Monday's HOT MIC

Monday's HOT MIC

This is a headline on Mediaite right now:

Executive at TheBlaze: If the Truth Can’t Be Profitable ‘We Will Shut Down’

Here's more from the article:

The two went on to discuss the synchronicity between Beck and TheBlaze, and how it factored into their mutual business interests over the years. The conversation eventually arrived at an essay Schreiber recently wrote where he discussed how success for news sources is traditionally defined by their ability to identify the truth.

As Ziegler and Schreiber continued to talk about how objective newscasting has taken a backseat to opinion programming, the latter said TheBlaze will shut down before the outlet goes down that road.

“If we find ourselves in the position that the only way we can be successful financially is to manipulate the audience, we will shut down TheBlaze,” Schreiber said.

Ziegler snarked that that inevitability might not be far away, and Schreiber responded by saying too much of the media focuses on sensationalism and keeping their audiences happy.
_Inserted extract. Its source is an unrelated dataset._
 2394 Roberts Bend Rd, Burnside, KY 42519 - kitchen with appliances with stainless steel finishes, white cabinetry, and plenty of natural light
Schreiber also argued that TheBlaze tries to focus on educating viewers and presenting useful information instead.

I would posit that once you take on the posture that you are "educating" your audience, you are attempting to manipulate it, however subtly.
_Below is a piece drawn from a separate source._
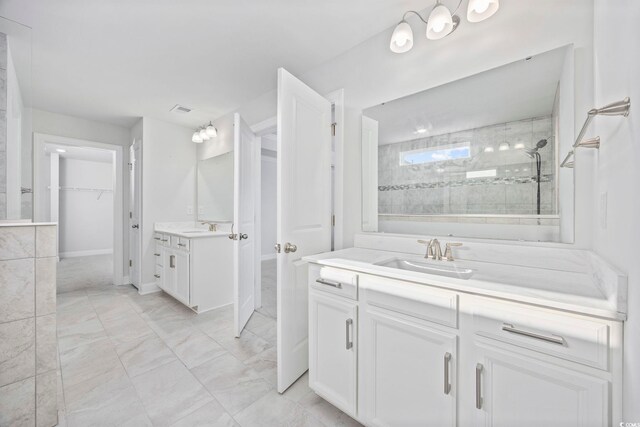 1303 Bermuda Grass Dr, Myrtle Beach, SC 29579 - full bath with marble finish floors, two vanities, a tile shower, and a spacious closet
Honestly, objective, truthful news reporting hasn't been the focus of the MSM for so long that it may be almost unrecognizable to the general public. Conservative opinion sites find audiences in people who long ago grew weary of the feigned objectivity of America's major news organizations. They like knowing that a writer or on-air personality leans in a definite political direction. That's not to say they don't want news, but news can be presented by someone with a definite bias. For example, when I write about the problems with government health care from a conservative perspective, my opinion doesn't change the objective facts. The numbers are real, and anyone is free to agree or disagree with my assessment of what they need.
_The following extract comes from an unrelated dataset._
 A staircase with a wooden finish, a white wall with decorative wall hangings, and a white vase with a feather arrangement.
As a professional entertainer, I learned early on that it's about what the audience wants, and not what I want. I don't write jokes or columns for myself. Any individual or business that depends upon an audience ultimately does have to understand this if they want to continue what they are doing.

There is definitely a market for "useful information," but there is also a lot of competition out there. It has to be presented in a way that will stand out and keep an audience coming back for more.